The web publishing platform Medium has made an announcement regarding its decision to block OpenAI’s GPTBot, an agent responsible for scraping web content used in training AI models. This move by Medium reflects a growing trend among various platforms considering a unified response to what many perceive as the exploitation of their content.
Medium has joined the likes of CNN, The New York Times, and numerous other media outlets (with the exception of TechCrunch, for now) in adding “User-Agent: GPTBot” to its robots.txt file. This file, present on many websites, communicates to web crawlers and indexers whether the site consents to be scanned. For example, if you prefer not to have your content indexed by Google, you can specify this in your robots.txt file.

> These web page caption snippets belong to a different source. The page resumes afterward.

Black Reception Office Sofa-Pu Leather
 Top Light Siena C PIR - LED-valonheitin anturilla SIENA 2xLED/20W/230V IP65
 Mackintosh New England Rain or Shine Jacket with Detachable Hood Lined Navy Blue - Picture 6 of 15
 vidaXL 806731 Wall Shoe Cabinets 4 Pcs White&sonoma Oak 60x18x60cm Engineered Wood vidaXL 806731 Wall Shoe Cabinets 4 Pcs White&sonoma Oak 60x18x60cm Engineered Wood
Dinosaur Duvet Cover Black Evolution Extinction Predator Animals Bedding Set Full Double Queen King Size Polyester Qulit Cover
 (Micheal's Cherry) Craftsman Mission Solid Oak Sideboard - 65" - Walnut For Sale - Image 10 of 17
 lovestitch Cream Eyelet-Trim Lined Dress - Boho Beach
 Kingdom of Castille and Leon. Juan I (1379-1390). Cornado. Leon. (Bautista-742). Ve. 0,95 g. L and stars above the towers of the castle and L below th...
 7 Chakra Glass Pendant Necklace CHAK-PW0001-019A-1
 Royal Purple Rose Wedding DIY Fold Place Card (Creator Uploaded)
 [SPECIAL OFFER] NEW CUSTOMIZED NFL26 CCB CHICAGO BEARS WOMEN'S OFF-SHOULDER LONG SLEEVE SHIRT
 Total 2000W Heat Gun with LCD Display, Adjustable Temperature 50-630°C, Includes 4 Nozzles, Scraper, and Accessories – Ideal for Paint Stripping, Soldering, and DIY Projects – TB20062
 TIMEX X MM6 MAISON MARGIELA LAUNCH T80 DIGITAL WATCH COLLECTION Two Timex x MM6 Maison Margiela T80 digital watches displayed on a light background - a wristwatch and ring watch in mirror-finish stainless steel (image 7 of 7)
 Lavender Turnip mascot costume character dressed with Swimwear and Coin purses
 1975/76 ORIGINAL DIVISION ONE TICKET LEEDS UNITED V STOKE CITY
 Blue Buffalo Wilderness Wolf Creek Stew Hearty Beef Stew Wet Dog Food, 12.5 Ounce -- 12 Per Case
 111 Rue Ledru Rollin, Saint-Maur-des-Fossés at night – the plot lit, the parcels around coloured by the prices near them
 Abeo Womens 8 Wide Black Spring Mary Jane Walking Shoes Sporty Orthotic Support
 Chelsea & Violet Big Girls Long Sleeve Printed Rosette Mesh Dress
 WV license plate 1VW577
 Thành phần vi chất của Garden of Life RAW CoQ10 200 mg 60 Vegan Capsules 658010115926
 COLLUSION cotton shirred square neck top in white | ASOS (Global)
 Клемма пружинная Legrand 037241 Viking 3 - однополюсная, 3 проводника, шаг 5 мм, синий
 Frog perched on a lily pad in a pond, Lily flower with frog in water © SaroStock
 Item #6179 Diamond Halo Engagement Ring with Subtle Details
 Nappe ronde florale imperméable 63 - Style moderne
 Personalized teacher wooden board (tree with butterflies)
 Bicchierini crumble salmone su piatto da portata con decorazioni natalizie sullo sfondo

However, AI companies go beyond mere indexing; they scrape data to use as source material for their AI models. This practice has raised concerns, including those voiced by Medium’s CEO, Tony Stubblebine. He asserts that the current state of generative AI does not benefit the internet as a whole, as these AI companies profit from writers’ content without consent, compensation, or credit, effectively exploiting writers for the sake of spamming internet users.
As a response, Medium has chosen to deny OpenAI’s scraper access, although this approach is seen as voluntary and may not deter determined spammers and unethical AI platforms. There is also the possibility of more aggressive measures, such as feeding fake content to disrupt data collection, but this could lead to legal battles and escalating expenses.
Nevertheless, there is optimism. Stubblebine mentions Medium’s efforts to form a coalition with other platforms to address the issue of fair use in the AI era. He has engaged in discussions with major organizations (redacted for privacy reasons) that are potential allies in this effort. These organizations, although unwilling to publicly collaborate at this stage, face similar challenges and are considering the potential benefits of working together.
The main obstacles to forming such a coalition are the complexity of multi-industry partnerships and the evolving nature of intellectual property and copyright in the context of AI. Defining IP and copyright in this rapidly evolving landscape presents legal and ethical dilemmas, and companies are torn between protecting their IP and leveraging AI for their own benefit.
Stubblebine suggests that it might take a prominent internet entity like Wikipedia to initiate a bold move and set a precedent. Some organizations may be restricted by business concerns, but others, unburdened by such constraints, might be willing to take the lead. Until such leadership emerges, platforms remain vulnerable to web crawlers that either respect or disregard their consent at their own discretion.